Staff talk to children with warmth and promote mutual respect and kindness. They support children to quickly settle at this friendly club and help them to form positive friendships. Children thoroughly enjoy playing games with their friends.

For example, they talk to each other about feeding the babies in the role-play baby clinic.Children enjoy established routines that allow them to independently make decisions about where they ...would like to play and what they have for their snack. They enjoy opportunities staff have planned for them to enjoy quieter activities, such as reading stories from an extensive collection of books.

Staff promote children's love of literature as they share stories together.Children of all ages are well behaved and considerate of each other. Children speak to new adults with confidence and are keen to explain why they enjoy attending the club and their favourite activities.

Staff gather information about children with special educational needs and/or disabilities (SEND). They use this information to provide continuity in children's care to ensure they are happy and settled in the club.

What does the early years setting do well and what does it need to do better?

The staff team are clear about what they intend children to learn at the club.

They set up areas for different types of play. They create areas for children to be imaginative, such as making animals with dough and a variety of resources. Children benefit from quiet areas, where they can relax and read a book or use construction toys to create their own models.

For example, children are challenged to make their own rocket. However, staff do not always enable children to solve their own problems. For example, staff guide children to discover how ice melts before children have explored what might happen for themselves.

Children are well behaved. They listen to staff and follow instructions very well. When children say please and thank you they are praised for using good manners.

Children respect their environment. They handle resources with care and tidy up themselves. Children take their plates to the kitchen after eating their snack and scrape anything they have not eaten into the bin.

Children are provided with a range of healthy and nutritious snacks to choose from. Snack time is a social occasion, as children sit and talk with their friends and staff about their school day. They develop good table manners and understanding of hygiene as they independently wash their hands before they eat their snack.

The manager and staff build and maintain positive relationships with the staff at the schools children attend. They complement the strategies and activities which take place at school. For example, staff implement the same approaches the school use to support children with SEND to build relationships and enjoy their time at the club.

Staff plan activities linked to what children are learning at school. For example, staff have created a vet's role-play area to support children's understanding of animals that they are reading books about at school.Parents speak extremely positively about the club and the staff.

They appreciate the opportunities for their children to socialise and enjoy activities with their friends. Parents comment their children are always happy to attend the club and find the staff approachable and helpful. They say children enjoy attending so much that they use attendance at the club as a reward for good behaviour at home and school.

Parents value the support staff give to their children.
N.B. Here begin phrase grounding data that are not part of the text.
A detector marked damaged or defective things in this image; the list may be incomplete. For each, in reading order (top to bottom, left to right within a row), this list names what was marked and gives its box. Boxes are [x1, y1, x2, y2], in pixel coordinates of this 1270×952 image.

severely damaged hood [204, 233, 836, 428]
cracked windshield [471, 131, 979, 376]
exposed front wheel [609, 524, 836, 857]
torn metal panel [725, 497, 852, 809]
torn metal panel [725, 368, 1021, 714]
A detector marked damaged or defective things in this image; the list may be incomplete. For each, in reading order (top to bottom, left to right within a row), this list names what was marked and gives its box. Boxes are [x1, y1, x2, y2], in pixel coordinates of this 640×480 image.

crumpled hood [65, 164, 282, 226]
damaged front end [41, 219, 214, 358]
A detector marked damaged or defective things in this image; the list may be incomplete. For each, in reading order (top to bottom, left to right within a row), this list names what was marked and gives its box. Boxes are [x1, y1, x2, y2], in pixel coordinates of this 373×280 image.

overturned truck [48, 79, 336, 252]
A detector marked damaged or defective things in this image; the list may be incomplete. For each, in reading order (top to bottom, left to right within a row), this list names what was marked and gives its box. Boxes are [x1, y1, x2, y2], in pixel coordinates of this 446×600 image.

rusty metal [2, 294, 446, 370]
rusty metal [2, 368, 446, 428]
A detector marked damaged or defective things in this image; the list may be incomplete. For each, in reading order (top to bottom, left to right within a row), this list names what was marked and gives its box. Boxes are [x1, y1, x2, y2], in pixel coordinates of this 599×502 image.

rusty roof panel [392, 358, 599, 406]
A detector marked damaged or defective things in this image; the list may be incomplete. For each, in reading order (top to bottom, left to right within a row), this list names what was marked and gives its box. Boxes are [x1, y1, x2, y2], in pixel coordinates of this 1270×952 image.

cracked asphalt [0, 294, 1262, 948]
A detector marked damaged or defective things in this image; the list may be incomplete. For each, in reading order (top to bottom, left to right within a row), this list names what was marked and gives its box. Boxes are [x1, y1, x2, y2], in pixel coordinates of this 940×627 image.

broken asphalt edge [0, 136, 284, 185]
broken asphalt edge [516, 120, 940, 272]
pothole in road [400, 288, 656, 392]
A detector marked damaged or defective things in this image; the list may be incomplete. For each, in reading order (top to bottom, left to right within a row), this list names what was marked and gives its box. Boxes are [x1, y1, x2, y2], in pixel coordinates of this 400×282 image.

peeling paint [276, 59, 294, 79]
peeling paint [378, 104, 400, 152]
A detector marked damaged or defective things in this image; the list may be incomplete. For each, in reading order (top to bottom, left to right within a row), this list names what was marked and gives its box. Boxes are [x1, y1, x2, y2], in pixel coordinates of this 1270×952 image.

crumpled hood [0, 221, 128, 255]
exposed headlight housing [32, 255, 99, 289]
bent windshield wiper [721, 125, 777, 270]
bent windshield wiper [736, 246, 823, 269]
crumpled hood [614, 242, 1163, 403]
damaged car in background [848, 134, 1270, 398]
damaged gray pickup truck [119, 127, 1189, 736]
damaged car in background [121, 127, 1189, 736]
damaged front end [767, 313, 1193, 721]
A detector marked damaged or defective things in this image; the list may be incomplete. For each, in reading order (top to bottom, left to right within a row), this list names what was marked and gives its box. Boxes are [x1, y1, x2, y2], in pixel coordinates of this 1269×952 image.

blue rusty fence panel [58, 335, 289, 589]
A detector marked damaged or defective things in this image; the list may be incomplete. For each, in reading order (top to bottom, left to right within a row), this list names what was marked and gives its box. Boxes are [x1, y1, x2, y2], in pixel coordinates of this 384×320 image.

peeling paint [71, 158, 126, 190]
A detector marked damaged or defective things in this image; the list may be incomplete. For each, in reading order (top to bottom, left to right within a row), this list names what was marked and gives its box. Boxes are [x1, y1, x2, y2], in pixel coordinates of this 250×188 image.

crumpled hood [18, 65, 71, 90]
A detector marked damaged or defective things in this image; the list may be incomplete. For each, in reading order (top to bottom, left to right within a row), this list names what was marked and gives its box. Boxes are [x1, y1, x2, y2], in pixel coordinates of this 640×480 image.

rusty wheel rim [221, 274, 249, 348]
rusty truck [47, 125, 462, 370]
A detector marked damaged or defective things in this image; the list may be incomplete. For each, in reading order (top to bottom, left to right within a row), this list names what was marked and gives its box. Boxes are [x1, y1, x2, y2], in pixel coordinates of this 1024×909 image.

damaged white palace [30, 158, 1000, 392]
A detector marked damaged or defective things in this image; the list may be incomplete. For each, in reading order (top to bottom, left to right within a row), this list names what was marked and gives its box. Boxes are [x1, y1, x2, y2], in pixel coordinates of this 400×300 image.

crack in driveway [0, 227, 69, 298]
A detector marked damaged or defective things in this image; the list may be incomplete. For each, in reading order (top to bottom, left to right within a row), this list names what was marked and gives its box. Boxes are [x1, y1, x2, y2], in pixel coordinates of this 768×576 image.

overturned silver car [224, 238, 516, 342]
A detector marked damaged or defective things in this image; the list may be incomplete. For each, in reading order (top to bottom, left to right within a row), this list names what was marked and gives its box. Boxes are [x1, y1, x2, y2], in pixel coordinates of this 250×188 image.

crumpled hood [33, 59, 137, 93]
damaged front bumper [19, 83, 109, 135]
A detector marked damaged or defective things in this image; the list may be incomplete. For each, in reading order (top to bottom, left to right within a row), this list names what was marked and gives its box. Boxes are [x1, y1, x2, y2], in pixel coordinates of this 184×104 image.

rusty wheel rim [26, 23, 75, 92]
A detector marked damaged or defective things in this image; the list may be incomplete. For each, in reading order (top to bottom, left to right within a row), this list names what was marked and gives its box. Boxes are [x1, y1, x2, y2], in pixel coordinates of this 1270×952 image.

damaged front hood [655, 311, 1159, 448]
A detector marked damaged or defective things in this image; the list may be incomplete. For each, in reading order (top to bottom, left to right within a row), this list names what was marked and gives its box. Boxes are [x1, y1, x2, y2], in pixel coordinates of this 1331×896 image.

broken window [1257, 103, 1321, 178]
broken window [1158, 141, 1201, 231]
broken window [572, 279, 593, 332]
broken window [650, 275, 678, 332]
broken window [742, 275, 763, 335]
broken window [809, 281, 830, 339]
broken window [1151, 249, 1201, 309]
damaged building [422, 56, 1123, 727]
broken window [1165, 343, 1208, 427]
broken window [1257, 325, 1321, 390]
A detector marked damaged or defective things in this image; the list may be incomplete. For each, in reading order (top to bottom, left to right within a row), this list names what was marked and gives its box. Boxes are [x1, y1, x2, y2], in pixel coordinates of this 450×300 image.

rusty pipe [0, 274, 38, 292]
They say that children speak about what they do and enjoy the activities provided at the club.The well-being and professional development of the close staff team are important to the provider.

All staff complete mandatory training, including safeguarding and first aid. Regular supervisions and appraisals enable further training opportunities to be identified and accessed. Staff use recent training about introducing mathematical language into children's play within the activities they plan, as well as their interactions with the children.

For example, staff talk to children about quantities and more and less as children use scales.

Safeguarding

The arrangements for safeguarding are effective.There is an open and positive culture around safeguarding that puts children's interests first.